We’re Moving!!
I know – it shocked me too. We absolutely love our little blue house and it’s bitter sweet to leave the home we love.
Before I tell you where and why we are moving let me tell you why we picked our fixer-upper.
We found our little blue house two and a half years ago after being married about four months. We wanted to find something to really make our own, something that needed work and honestly everything in our price point needed work. The kitchen was purple, the bathroom green, and the upstairs red and pink with a blue shag carpet stained in several places.
But its personality was us. It was the “UP house” in our mind a house we could make our own and one we could quite literally completely change!
I remember several of our family members thinking we were crazy for picking this tiny nearly hundred year old home. But we loved it. We immediately got to work ripping carpet, painting, and making plans for each room.
And for the next two years as we wrapped up one project we moved on to the next. We went room by room and made it not only livable but a place that we love.

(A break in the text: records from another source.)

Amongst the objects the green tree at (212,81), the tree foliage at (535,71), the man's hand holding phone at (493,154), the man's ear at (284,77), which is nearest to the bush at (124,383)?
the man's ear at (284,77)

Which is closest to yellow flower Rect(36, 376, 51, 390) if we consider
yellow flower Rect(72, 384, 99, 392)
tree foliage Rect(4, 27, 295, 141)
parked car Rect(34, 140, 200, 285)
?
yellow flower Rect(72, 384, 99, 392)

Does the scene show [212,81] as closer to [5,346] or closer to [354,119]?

We saved up for our biggest project – the kitchen and kicked it off mid summer 2019. As we completed it this fall we were so thrilled imagining that then we would want to just relax and love our home for years to come… but two weeks after we finished touching up paint Zac (who really was the one that thought we would live here for a LONG time) said, “So what’s our next project?”

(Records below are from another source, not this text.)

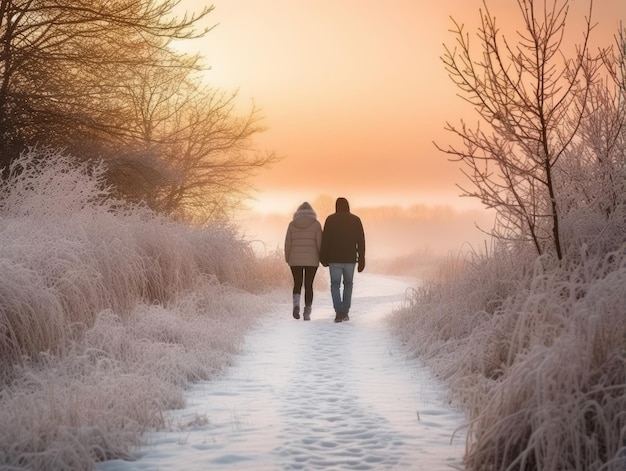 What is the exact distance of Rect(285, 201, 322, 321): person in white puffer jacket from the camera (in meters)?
11.7

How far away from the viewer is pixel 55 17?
13445mm

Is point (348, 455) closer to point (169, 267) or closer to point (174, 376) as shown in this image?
point (174, 376)

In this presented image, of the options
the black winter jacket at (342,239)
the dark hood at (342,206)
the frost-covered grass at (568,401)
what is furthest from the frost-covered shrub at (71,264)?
the frost-covered grass at (568,401)

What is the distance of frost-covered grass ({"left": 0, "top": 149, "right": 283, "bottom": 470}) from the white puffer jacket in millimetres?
1222

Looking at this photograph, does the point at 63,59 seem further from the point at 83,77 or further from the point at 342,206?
the point at 342,206

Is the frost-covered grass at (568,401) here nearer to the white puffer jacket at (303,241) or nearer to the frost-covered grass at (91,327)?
the frost-covered grass at (91,327)

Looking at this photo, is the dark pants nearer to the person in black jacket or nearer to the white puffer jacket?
the white puffer jacket

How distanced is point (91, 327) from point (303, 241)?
5.27m

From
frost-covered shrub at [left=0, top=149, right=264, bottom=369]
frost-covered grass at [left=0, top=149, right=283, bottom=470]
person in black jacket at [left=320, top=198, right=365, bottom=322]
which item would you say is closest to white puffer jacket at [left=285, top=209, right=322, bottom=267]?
person in black jacket at [left=320, top=198, right=365, bottom=322]

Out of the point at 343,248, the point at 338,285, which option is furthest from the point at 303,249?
the point at 338,285

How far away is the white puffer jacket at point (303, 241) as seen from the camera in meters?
11.7

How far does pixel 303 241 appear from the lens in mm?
11719

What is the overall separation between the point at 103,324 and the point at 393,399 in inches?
131

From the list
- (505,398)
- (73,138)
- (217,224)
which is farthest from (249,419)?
(73,138)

I didn’t have one to plan out with him.
And that night we realized that as bitter sweet as it was that we had finally gotten the little blue house to where it needed to be and because of that it was time for us to leave it.
So we started looking – when we found the blue home our list was VERY short it was be in Salt Lake, have rental potential, and be in budget. But this time our list was much more challenging:
- Stay in budget (obviously)
- Located in-between our offices
- Attached two car garage
- Laundry room (oh how I have wanted this)
- Masterbathroom
- Two offices (aka spare bedrooms)
- Rental income potential – since there’s only two of us it doesn’t make sense to have a large home unless we can find a way for that to work to our benefit.

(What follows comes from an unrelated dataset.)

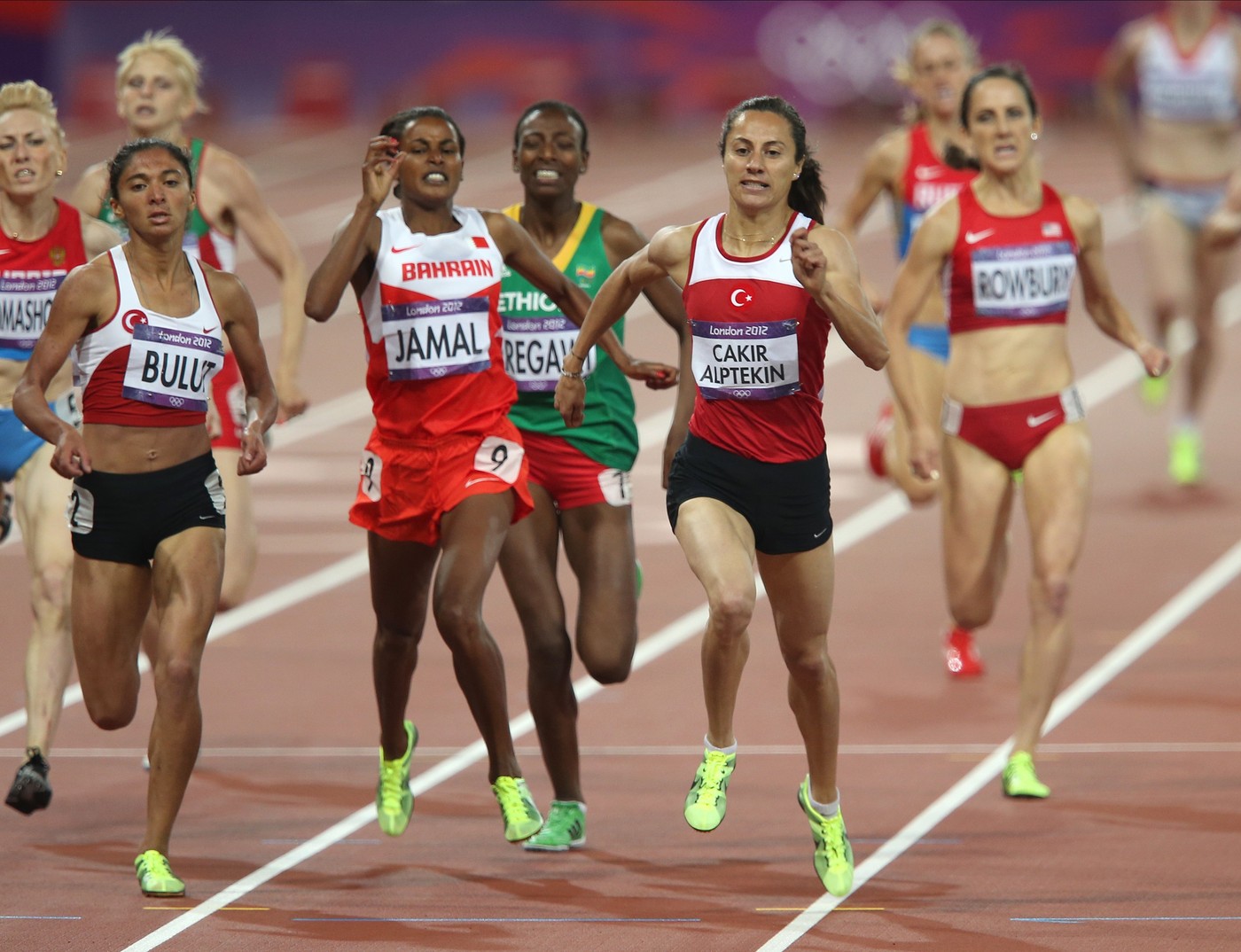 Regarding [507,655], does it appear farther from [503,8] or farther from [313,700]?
[503,8]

So we started our hunt – months ago. Every morning the first thing I did was get online and check the new listings, shifted through them for which had potential to add a unit downstairs.
We walked through five homes, each time feeling as if they had been remodeled it was slapped together or forced out of our price range because of the remodel… if it still needed one the price was so high there wasn’t much room to turn it and sell later on for more (esp if the market turns).
And yet each home we toured was under contract with someone else in a few days time.
We would be in tiny dark basements trying to figure out how and where to add a walk-out, measuring for kitchens, stretching the budget to find something that had the size we needed.
As someone who normally finds a home in the first three appointments I felt defeated.
That’s when I finally listened to my dad. He had told us “why not look into a new build?” more than a few times! and I had always said thought no – I want to remodel, I love old homes – their personalities, their unique features, their mature trees etc.
And yet stubborn me thought “Fine, we will go look at some new builds so I can tell you how wrong you are.” and that’s when I was so wrong. The third new build I found online had EVERYTHING we needed, and more. And it was less than a lot of the old homes that we had 20-70K of work to still do.
The next day we went and looked at the model home and we knew – this worked for us. The builders agent told us someone had just fallen out of contract on a home that matched the floor-plan we liked and to his/our surprise we said we would take it.
Which means WE DIDN’T PICK ANY OF THE FINISHES. We bought a new build without making any custom selections. No choice on exterior color, countertops, floors, layout etc. What does that mean? I am sure I will be changing a few things 🙂 (sorry Zac haha).
Overall I love our new house and I can see how great it will be for us and our future family. But as we have started telling our family and friends they’ve asked how it feels to go to a “cookie cutter home” and sitting here now I realize that there are pros and cons to every house. In some, the neighborhood is too matchy, in others the closets are too small to fit more than ten items.
At the end of the day buying a home is determining what you can or can’t sacrifice. Writing this now I am realizing our list never had “old home” on it – I had made myself believe that was the only way we could find what we were looking for.
We, like everyone, were searching for a home that met our needs – we just happened to find it in a place I never thought to look.